Saturday, January 9, 2021

Getting Student Submission Data from Brightspace with Python and Selenium

As a teacher with students in multiple Brightspace courses, I was looking for a dashboard to show which students have unsubmitted assignments. While Brightspace does have an API available, I decided that it wasn't going to work for a few reasons. There are also commercial (non-free) plugins that can do most of what I was looking for, but this was a good opportunity to explore scraping of content from dynamic web pages with Python.

You may be familiar with the Python Requests and Beautiful Soup libraries, which are great, but since Brightspace is requiring a Microsoft login I needed to go with Selenium. Selenium is designed for automating web browser interactions, which means we can use it to log in to a site and scrape pages.

While Selenium can be installed and run locally, it also works in a Colab notebook:

!apt update
!apt install chromium-chromedriver
!pip install selenium
from selenium import webdriver
from selenium.webdriver.support.ui import WebDriverWait
from selenium.webdriver.support import expected_conditions as EC
from selenium.webdriver.common.by import By
options = webdriver.ChromeOptions()
options.add_argument('--headless')
options.add_argument('--no-sandbox')
browser = webdriver.Chrome(options=options)

Once that is set up, we need to log in to our Brightspace server:

email = 'teacher@example.com'
base_url = 'https://example.brightspace.com'
import getpass # so you don't show your password in the sourcecode
password = getpass.getpass()
email_field = (By.ID, 'i0116')
password_field = (By.ID, 'i0118')
next_button = (By.ID, 'idSIButton9')
browser.get(base_url)
WebDriverWait(browser,10).until(EC.element_to_be_clickable(email_field)).send_keys(email)
WebDriverWait(browser,10).until(EC.element_to_be_clickable(next_button)).click()
WebDriverWait(browser,10).until(EC.element_to_be_clickable(password_field)).send_keys(password)
WebDriverWait(browser,10).until(EC.element_to_be_clickable(next_button)).click()
WebDriverWait(browser,10).until(EC.element_to_be_clickable(next_button)).click()

From there it's a matter of scraping the course progress pages as we loop through the course IDs and student IDs. I may update this post later with an automated way to scrape these IDs, but for now we need to look them up on Brightspace and code them in:

import pandas as pd
df = pd.Series(students).to_frame('ID')
for course in courses:
    course_id = courses[course]
    submissions = []
    for student in students:
        student_id = students[student]
        url = base_url+'/d2l/le/classlist/userprogress/'+str(student_id)+'/'+str(course_id)+'/Assignments/Details'
        browser.get(url)
        WebDriverWait(browser, 10).until(EC.presence_of_element_located((By.CSS_SELECTOR, "span[class^='d2l-textblock']")))
        elements = browser.find_elements_by_css_selector("span[class^='d2l-textblock']")
        #elements = browser.find_element(by=)  # because the other thing is deprecated I guess
        
        #submitted = elements[13].text[1:-1] # to get a fraction
        submitted = elements[13].text[1:-1].split('/')[0] # to get just the numerator
        submissions.append(submitted)
    df[course] = submissions
df.to_csv('student-submissions.csv')
df

This will give us a Pandas DataFrame (and a CSV file) with information about how many assignments each student has submitted in each course. We can manipulate this a bit to create some visualizations, but perhaps that's a post for later. For now, here's part of a chart that we could generate:


Let me know if you try this or if you come across anything that should be corrected.

2 comments:

CS Student said...

Hi there Mr. Hay,

I can not thank you enough for posting this. It's been incredibly helpful for a newer programmer like myself. Especially using webdriver/selenium. I'm currently working on a project (ungraded - personal) in which the first major step is finding a way to export/download the discussion board content.
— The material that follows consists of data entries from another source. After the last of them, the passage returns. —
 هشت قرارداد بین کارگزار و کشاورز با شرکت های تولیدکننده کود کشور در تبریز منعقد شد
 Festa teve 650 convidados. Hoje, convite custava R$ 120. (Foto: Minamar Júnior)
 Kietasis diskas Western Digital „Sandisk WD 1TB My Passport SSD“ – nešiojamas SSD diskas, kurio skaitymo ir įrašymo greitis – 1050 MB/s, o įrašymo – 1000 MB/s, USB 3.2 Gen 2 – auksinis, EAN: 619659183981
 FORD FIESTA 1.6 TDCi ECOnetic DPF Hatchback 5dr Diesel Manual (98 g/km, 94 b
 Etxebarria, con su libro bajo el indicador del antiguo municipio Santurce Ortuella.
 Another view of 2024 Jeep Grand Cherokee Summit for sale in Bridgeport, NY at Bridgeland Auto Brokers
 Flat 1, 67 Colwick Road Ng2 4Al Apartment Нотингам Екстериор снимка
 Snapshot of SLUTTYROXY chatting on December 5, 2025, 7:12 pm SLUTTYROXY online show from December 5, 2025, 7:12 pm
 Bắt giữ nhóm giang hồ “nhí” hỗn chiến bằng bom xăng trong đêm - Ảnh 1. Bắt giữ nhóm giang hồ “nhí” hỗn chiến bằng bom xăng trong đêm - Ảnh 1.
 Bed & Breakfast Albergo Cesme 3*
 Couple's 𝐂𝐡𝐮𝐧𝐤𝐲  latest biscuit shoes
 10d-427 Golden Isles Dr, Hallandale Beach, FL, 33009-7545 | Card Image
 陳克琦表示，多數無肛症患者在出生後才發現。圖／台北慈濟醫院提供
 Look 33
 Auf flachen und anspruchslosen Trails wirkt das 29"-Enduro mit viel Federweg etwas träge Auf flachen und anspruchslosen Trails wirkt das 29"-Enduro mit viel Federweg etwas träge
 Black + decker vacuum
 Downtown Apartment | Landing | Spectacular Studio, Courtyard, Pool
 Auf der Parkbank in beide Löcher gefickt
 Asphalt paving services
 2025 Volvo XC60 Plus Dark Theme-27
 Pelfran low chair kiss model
I was wondering if it would be acceptable if I were to use the code you provided in the project? (Again ungraded - not accessed for anyone - simply trying to make my life easier as a TA for a few classes). I think I can figure out how to contort what you wrote to iterate through discussion posts, but have you used it in this way at all?

Thanks again for the post, and apologies for reviving a 2 year old thread (nearly 3).

- CS Student, @Somewhere

David Hay said...

You can certainly use this code for whatever you'd like, hopefully you find it useful.